An experiment in Utah and Washington State also used a comparison group. After one year, 85.2 percent of the children in the comparison group were placed in foster care, compared to only 44.4 percent of the children who received intensive family preservation services.

Family preservation is not 100 percent safe. Out of more than 22,000 children to go through the Michigan program, 2 died. But it is safer than foster care, where studies have found abuse in one out of four foster homes. In Alabama, according to a court-appointed monitor, "children were found to be at less risk of harm" when the system changed to a family preservation approach than before the new system was put into place.

Unfortunately, though the name Homebuilders is now a trademark, the term family preservation is not. Any agency--or reporter--can slap the label "family preservation" onto anything.

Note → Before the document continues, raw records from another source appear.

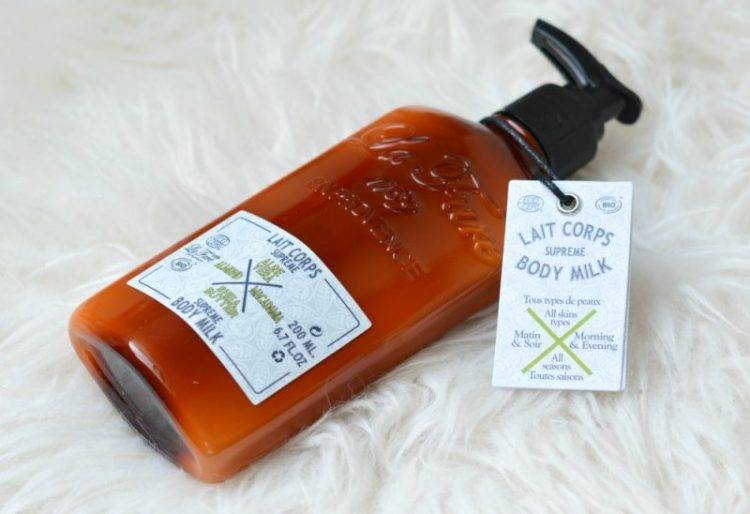 Review La Fare 1789 body milk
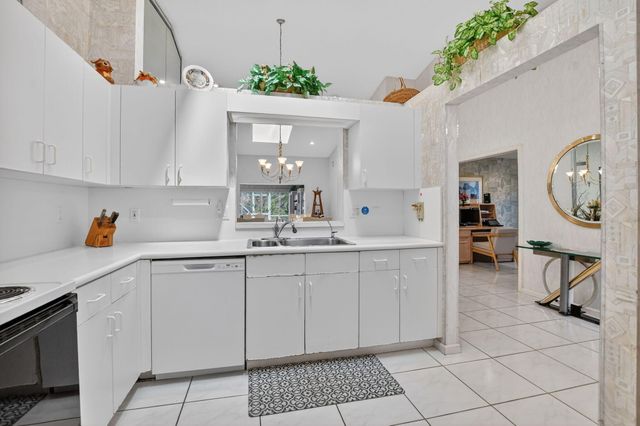 7203 Summer Tree Drive, Boynton Beach, FL 33437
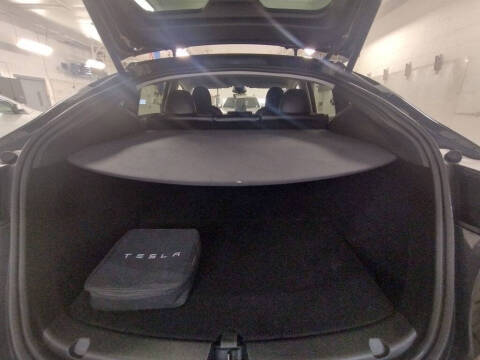 2025 Tesla Model Y Performance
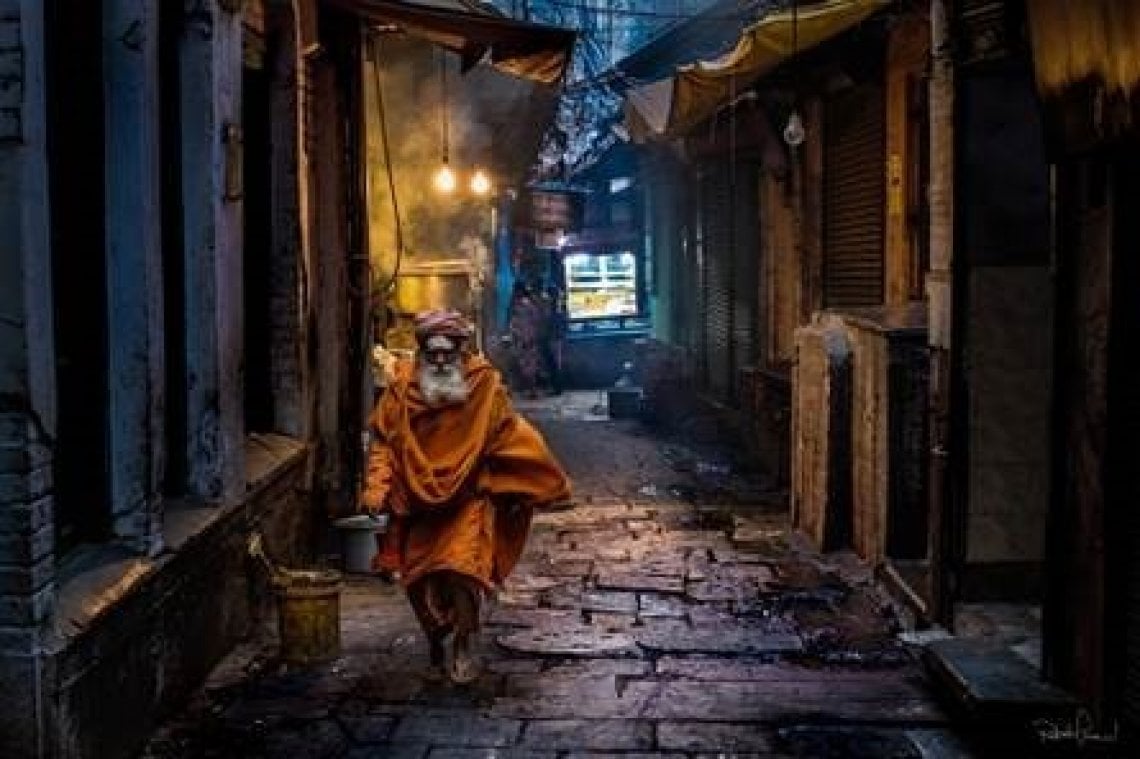 Sadhu, asceta induista che ha intrapreso un percorso di rinuncia alle passioni terrene, in un vicolo di Varanasi all&rsquo;alba (@Roberto Maresi)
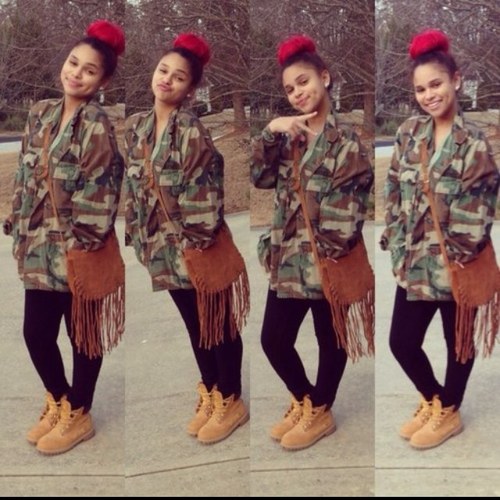 ❤
parody/not the real lourdes.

And that's what happened in Illinois. The state's Department of Children and Family Services broke almost every rule established by Homebuilders. According to an evaluation of its Family First program by the Chapin Hall Center for Children:

The median number of cases per worker in Illinois was five--two and a half times the maximum permitted in the Homebuilders model. As a result, workers in these so-called intensive programs spent an average of only 32.4 minutes per day with a family. This diluted service was stretched out over 90 days or more, again contradicting the Homebuilders model.

In the Homebuilders model, the Homebuilders worker does even the most mundane tasks, using the time to observe how the family functions, discuss family problems, and build trust with family members. In Illinois, these tasks were assigned to homemakers, who spent an average of 9.6 minutes a day with the family.

Provision of ongoing services by DCFS after the "family preservation" intervention ended was "haphazard and inadequate."

Agencies providing the services were allowed to lower their hiring standards for workers.

DCFS was in turmoil. The agency ran through four directors in four years, and never figured out what it wanted its "family preservation" program to accomplish.

So it came as no surprise when the Chapin Hall evaluation found Family First ineffective in preventing placement, largely because many of the children included in it were not at imminent risk of placement in the first place.

And of 17,000 children who went through the program, 6 died during or after the intervention.

Family First has been discontinued in Cook County, although it continues in the rest of Illinois. Locally it's been replaced by a program modeled after Homebuilders but with one crucial difference. Here, agencies can reject families. That raises the question of "creaming," opting for families that would stay together anyway.